Input data:
▼

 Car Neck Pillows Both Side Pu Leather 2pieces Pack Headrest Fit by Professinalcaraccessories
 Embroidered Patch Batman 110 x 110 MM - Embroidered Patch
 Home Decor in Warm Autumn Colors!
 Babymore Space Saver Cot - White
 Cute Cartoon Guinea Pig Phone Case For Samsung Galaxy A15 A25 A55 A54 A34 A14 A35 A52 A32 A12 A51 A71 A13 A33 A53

▲
▼

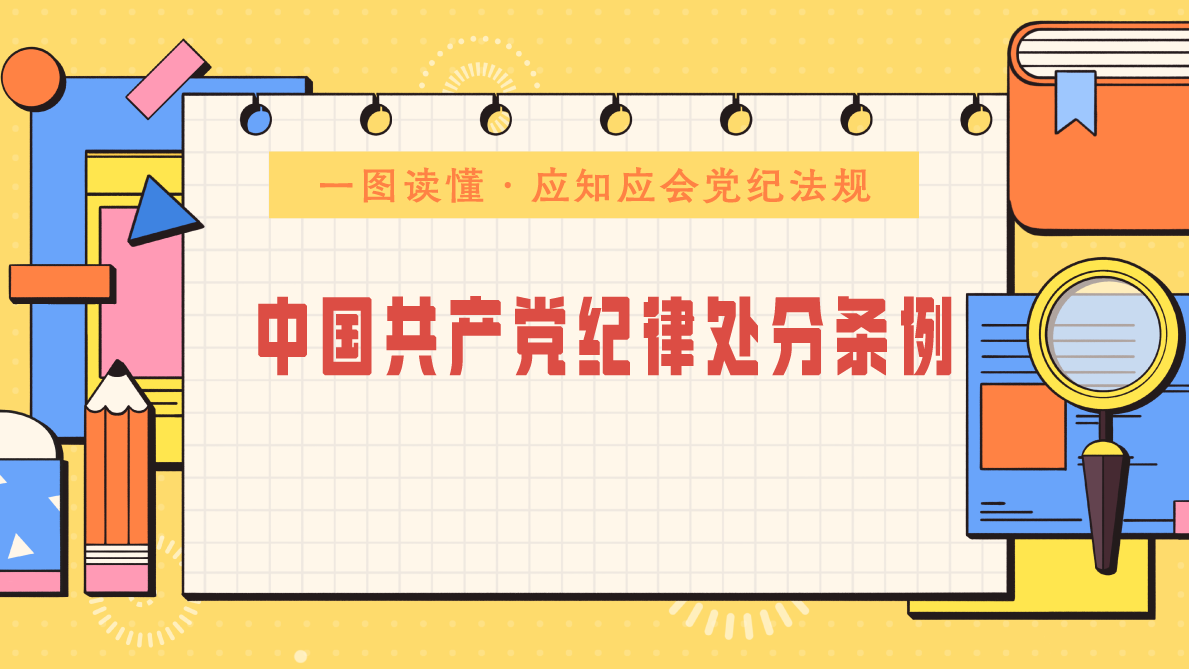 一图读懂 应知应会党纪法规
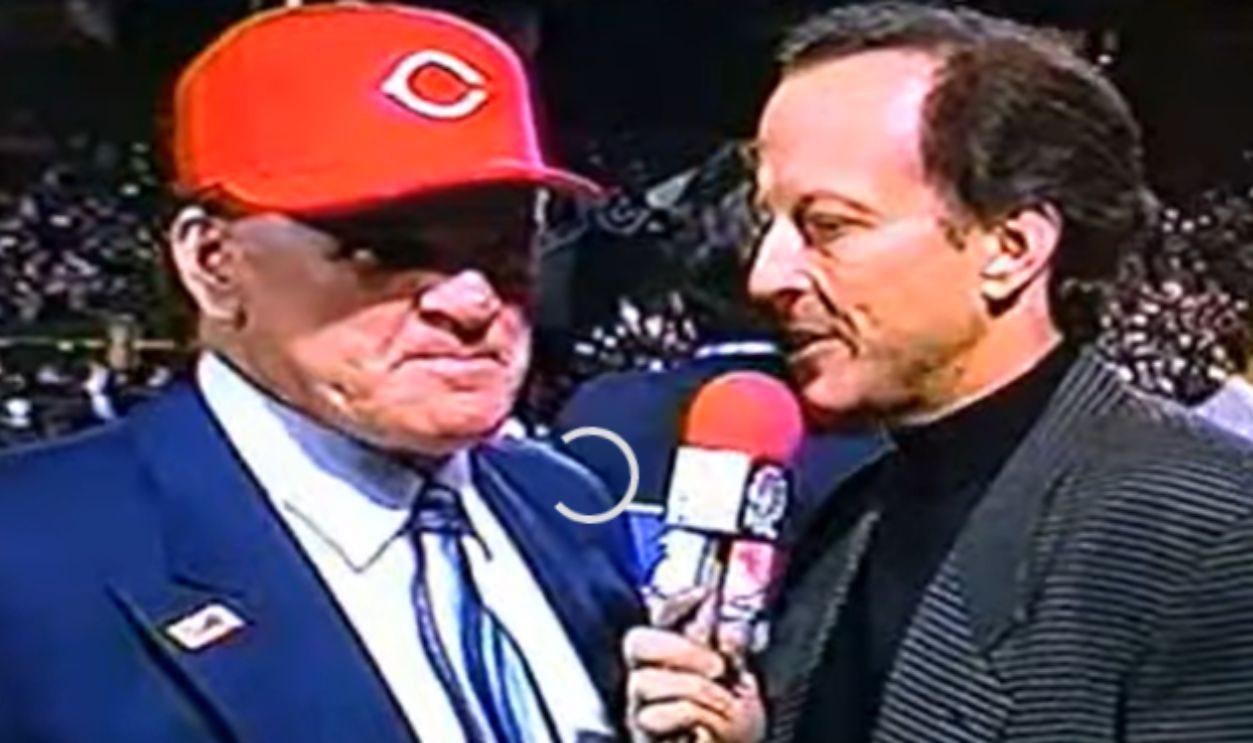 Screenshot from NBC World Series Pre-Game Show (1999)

▲

Working from the records above, set down word for word everything from the line containing "一图读懂 应知应会党纪法规" down to the line containing "Screenshot from NBC", ends included, minus the pictures.

 一图读懂 应知应会党纪法规
 Screenshot from NBC World Series Pre-Game Show (1999)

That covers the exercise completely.